When this month ends I’ll continue to write them.  It’s become part of a spiritual practice reminding me daily that happiness is found inside me in how I view the world.  It’s not something that haphazardly falls from the sky and announces “this is special.”  Everything is special if you have the ability to see it.

If you want to find these hidden gems for yourself, try this small stone exercise.  You don’t have to have any gift with words to do it.  It’s really for no one but you.  I know it changed everything for me.  If I had one wish for the world, it would be that it embraces mindfulness.  I think it would be a much different existence, but then I’m an idealist.

Midnight Conversation


The night is as still as deep water with no kiss of breeze.  Only the rhythmic sleeping breath of the darkness brushes ever so slightly against the ear.  Then beyond the gate, the tolling bark of a street dog rings.  Its voice echoes among the sleeping concrete honeycombs, seeking specific ears.  Then an expectant hush.  A stray voice punctuates the night in kind, distantly; a reply.  Ever so faintly, another joins.  The ritual conversation has begun; a secret society moonlit meeting.  Only the night knows the affair .

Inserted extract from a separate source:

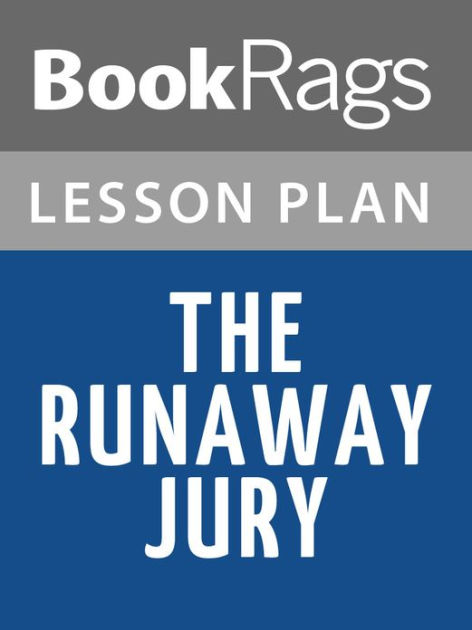 The Runaway Jury Lesson Plans by BookRags | eBook | Barnes & Noble®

A small stone in River of Stones entry.

Copyright Jean Mishra 2012

Retreat of the Beast


Nightmares descend sinking saber teeth into slumbering emotions; a merciless mauling in the dark.  Blanket warmth escaped, fled for nowhere.  The lid has been torn off.  Blind-sided.  Burning tears splash.  Cold air mocks at fear-dewed skin.  A sudden touch pierces like a flaming sunbeam, lighting the way home.  Falling, tumbling into the safety of a loving embrace, the beast retreats back into its cave.

A small stone in River of Stones entry.

Copyright Jean Mishra 2012

Timeless Specter


A  heron glides soundless through the morning mist like a timeless specter; a study in grays.  Wings caress the air once, twice, thrice.  The air holds its breath in reverence.  Silence is the only witness.

A small stone in River of Stones entry.